Peter Mathers, British High Commissioner. - NORMAN GRINDLEY/DEPUTY CHIEF PHOTOGRAPHER
FUNDING IS available from the European Union (EU) to diversify Jamaica's sugarcane sector, according to Peter Mathers, the outgoing British High Commissioner to Jamaica.
The largely state-controlled sugar industry has been propped up by a preferential pricing and quota arrangement with European countries under a 1975 Sugar Protocol. An attempt by government to divest sugar factories during the 1990s failed, with the factories later returning to state ownership. The industry continues to hobble along.
Mathers told the Financial Gleaner on Wednesday that more than year ago the British Department for International Development conducted a study of the possible uses of sugar cane and cane lands other than producing sugar. One of the possibilities, the high commissioner noted, was the production of ethanol for fuel from cane.

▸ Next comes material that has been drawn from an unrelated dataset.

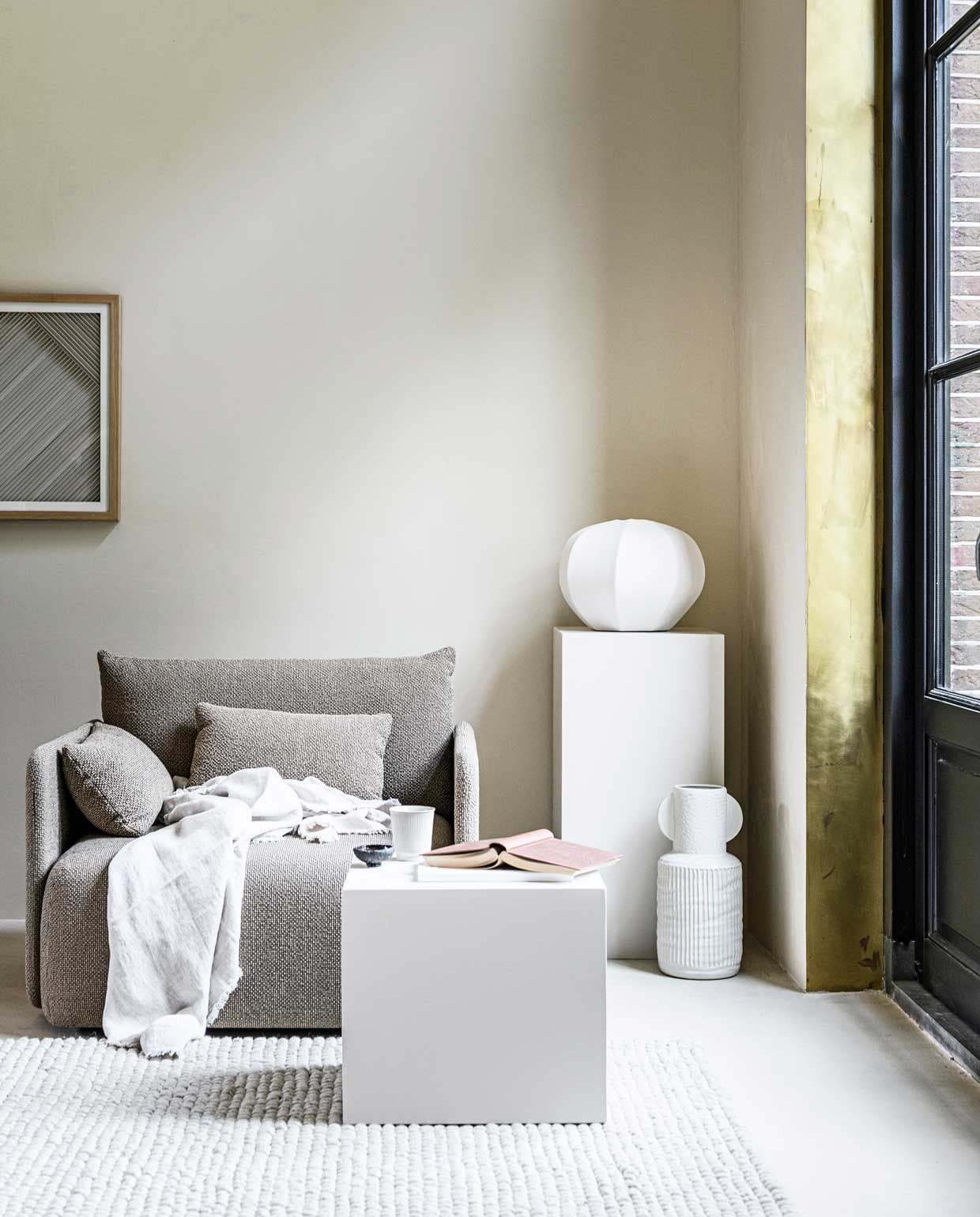 Kleur op de muur Mikonos van We Are Wow Makers, prijs op aanvraag, vloer Urban Clay in de kleur Ibiza, prijs op aanvraag (anoukb.com). Sofa Offset van Menu, Poster Layered Paper in houten lijst van HKliving € 75,-, witte bolvaas Cyrus van Urban Nature Culture € 119,-, vloerkleed Peas van Hay, 240×170 cm € 645,- (vtwonen.nl). Witte vaas met oren € 54,95, mok € 6,25 (loods5.nl). Linnen deken € 79,99 (zarahome.com). Boeken en zwart schaaltje privébezit.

"This (financing the alternative use of cane/lands) is what we are encouraging the European Commission to do, because there will be some money available for transitional and longer term use of these lands," said Mathers.
His disclosure comes on the heels of the EU's formal proposal to reduce by 39 per cent over four years the price at which it imports sugar from producers in the 18-member African Caribbean and Pacific (ACP) grouping. The proposal has fuelled long held fears about the likely demise of the local sugar industry on the removal of protection.
During the announcement of the price cut on Wednesday, the European Commission (EC) - the administrative arm of the EU - also disclosed plans to assist ACP sugar producers to reform their industries over an eight year period. The assistance would commence next year with the provision of a $3 billion fund for ACP countries for one year, with further assistance subject to negotiation.
VIABILITY
In recent years no less than two studies have been done on the future viability of the sugar industry, which could be dusted off and form the basis of an investment project plan.
"I think what is needed is for somebody to come forward with a specific proposal, whether it be from the Jamaican side or the European side, for alternative use (of cane lands)," said the British High Commissioner.
Mathers, who ends his tour of duty in July, said he has taken British officials on visits to some of the cane growing areas for them to see the nature of the potential problem if there is a fallout in the sugar industry.
"We are heavily engaged with the Jamaican authorities in addressing problems of poverty and law and order," he pointed out. "It therefore does not suit our agenda at all for people to be losing their jobs and to be joining the ranks of the unemployed and obviously contributing to the problem of poverty we all are trying to work together to solve."